TASK ITEM ::
Go from the first line below to the one with "Силиконовая крышка кончика" and print each line exactly.

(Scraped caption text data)
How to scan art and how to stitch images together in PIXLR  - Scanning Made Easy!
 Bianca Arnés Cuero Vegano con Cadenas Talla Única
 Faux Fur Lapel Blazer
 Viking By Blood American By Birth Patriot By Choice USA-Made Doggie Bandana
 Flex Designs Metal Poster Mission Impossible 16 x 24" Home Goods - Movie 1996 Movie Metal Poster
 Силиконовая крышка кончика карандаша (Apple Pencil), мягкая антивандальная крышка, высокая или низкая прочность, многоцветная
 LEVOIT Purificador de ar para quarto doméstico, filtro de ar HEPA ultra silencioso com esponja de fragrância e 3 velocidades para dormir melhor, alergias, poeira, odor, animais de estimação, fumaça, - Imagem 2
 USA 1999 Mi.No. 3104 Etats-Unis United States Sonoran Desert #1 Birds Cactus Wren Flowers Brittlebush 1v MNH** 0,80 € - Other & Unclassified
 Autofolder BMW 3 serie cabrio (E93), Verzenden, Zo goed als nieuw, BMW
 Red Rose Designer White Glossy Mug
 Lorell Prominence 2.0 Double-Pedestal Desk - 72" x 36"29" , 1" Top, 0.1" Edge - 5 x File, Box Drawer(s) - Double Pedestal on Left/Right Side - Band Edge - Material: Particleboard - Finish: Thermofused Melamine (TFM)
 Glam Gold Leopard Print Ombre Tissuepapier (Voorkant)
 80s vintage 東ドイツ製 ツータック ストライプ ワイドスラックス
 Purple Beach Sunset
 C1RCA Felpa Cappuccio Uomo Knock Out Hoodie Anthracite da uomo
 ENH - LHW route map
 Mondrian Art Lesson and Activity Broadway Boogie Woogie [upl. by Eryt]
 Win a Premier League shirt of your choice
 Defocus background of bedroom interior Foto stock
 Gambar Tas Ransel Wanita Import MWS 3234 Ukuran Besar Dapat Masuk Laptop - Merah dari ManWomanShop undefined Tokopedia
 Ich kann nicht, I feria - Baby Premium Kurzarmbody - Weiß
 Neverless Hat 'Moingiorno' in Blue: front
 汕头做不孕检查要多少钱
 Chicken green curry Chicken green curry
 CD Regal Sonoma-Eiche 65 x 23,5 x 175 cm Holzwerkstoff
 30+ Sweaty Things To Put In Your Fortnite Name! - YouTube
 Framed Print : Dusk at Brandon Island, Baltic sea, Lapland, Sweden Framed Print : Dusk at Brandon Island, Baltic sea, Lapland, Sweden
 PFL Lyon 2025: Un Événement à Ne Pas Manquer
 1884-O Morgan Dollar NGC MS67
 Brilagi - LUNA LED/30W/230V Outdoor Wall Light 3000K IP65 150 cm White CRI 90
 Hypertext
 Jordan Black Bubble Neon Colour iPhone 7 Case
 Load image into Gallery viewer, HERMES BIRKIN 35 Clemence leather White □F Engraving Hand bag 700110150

ANSWER FOR THIS EXERCISE ::
How to scan art and how to stitch images together in PIXLR  - Scanning Made Easy!
 Bianca Arnés Cuero Vegano con Cadenas Talla Única
 Faux Fur Lapel Blazer
 Viking By Blood American By Birth Patriot By Choice USA-Made Doggie Bandana
 Flex Designs Metal Poster Mission Impossible 16 x 24" Home Goods - Movie 1996 Movie Metal Poster
 Силиконовая крышка кончика карандаша (Apple Pencil), мягкая антивандальная крышка, высокая или низкая прочность, многоцветная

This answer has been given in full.